I was wondering what are effective techniques of presenting leeches in a river for smallmouth, walleye or pike?? Also i have researched the best leeeches to use for fishing! but i cant really find good pics of them to tell a differnce! Im using leeches what are black with reddish dots on there backs!! Thank you for any info!!


----------



## woodie slayer (Feb 25, 2006)

never seen any with red dots. always just black
for rivers i'd drift with a split shot heavy enough to get bottom. for lakes i use slip bobbers.


----------



## dbarnes85 (Jun 19, 2013)

I used a drop shot rig and just double hooked the leech last weekend and had some success. Make sure you hook him so he can still move. I rigged it so the hook was around 1-2 feet off the bottom and used a bobber while I threw some other lures with another pole. 

Good luck!


----------



## bowhunter42 (Aug 22, 2012)

Rough the leech up first, stomp on it or use pliers. Fish like them better 

Sent from my DROIDX using Ohub Campfire mobile app


----------



## piscatorial warrior (Sep 14, 2011)

I hook them once through the sucker with a #4 or #6 steelhead hook and a small glow bead. Add a couple #4 splitshot, one of them 2ft and another one 3ft, from hook. I drift it through the sluices between rocks and such. Catch walleye and smallmouth.


----------



## Tyler B (Jun 30, 2008)

bowhunter what the heck are you talking about....lolz never caught to much on a dead stomped on leech...lmao


----------



## bowhunter42 (Aug 22, 2012)

Tyler, your missin out on one of the best perch baits. Works when better if ya chew it a little!

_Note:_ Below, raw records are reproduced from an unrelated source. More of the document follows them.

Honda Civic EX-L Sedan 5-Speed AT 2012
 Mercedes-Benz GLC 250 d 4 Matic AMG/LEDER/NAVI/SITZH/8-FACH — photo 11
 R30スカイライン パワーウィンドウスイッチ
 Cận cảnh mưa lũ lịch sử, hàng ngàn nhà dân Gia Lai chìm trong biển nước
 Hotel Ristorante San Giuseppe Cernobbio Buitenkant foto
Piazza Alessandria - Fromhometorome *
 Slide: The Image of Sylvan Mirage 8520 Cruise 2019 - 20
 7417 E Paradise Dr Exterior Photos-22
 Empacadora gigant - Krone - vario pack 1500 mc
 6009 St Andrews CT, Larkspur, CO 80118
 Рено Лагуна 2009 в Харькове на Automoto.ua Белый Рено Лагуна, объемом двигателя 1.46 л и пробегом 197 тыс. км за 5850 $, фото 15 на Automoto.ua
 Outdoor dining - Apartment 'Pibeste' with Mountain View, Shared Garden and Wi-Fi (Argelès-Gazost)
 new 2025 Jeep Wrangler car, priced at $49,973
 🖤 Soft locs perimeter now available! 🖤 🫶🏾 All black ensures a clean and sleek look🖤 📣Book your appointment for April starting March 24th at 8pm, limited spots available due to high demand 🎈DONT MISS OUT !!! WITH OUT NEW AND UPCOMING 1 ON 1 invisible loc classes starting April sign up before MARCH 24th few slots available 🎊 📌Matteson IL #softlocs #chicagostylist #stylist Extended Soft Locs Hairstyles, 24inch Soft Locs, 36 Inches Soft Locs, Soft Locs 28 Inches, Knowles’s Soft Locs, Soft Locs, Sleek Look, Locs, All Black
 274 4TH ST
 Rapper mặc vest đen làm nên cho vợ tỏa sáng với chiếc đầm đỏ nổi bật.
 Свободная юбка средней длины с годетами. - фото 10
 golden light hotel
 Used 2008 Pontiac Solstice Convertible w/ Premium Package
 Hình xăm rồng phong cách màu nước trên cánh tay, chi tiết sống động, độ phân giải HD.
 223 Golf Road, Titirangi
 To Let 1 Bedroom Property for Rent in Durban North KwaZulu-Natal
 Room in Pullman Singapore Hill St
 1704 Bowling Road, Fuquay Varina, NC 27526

Sent from my DROIDX using Ohub Campfire mobile app


----------



## UltimateOutdoorsman (Sep 13, 2001)

I'd try a bobber and a jig. Hook it once through the sucker. Set the jig depth to be a few feet off bottom, and let er rip!


----------



## tsr770 (Mar 3, 2010)

UltimateOutdoorsman said:


> I'd try a bobber and a jig. Hook it once through the sucker. Set the jig depth to be a few feet off bottom, and let er rip!



I'll second that one, I have had good luck fishing rivers with them rigged just like I was fishing a spawnbag under a bobber. #4 octopus hook with a few shot a foot or so up the line, use the bobber to keep it a foot or so off bottom and let it drift with the current.


----------



## sfw1960 (Apr 7, 2002)

UltimateOutdoorsman said:


> I'd try a bobber and a jig. Hook it once through the sucker. Set the jig depth to be a few feet off bottom, and let er rip!


I concur!
Most of the leeches I use though say "Trigger X" on the foil package.... :lol:
Not much of a live bait guy - unless I have to! :evilsmile


----------



## Tyler B (Jun 30, 2008)

bow-hunter get at me perch are on fire my side of the state...:corkysm55


----------



## noley20 (Dec 3, 2011)

I bobber fish them with some luck and pick up smallies!! But have not caught the walleyes with them! I bottom bounce them but my young blood kinda gets bored with that after awhile haha!


----------



## fishineveryminuteofit (Mar 31, 2011)

Depends on the river and how you are fishing. We did well in canada on slow deep rivers vertical jigging them. If you are wading (or anchored) and casting, I'd roll the rocks under a bobber as well.


----------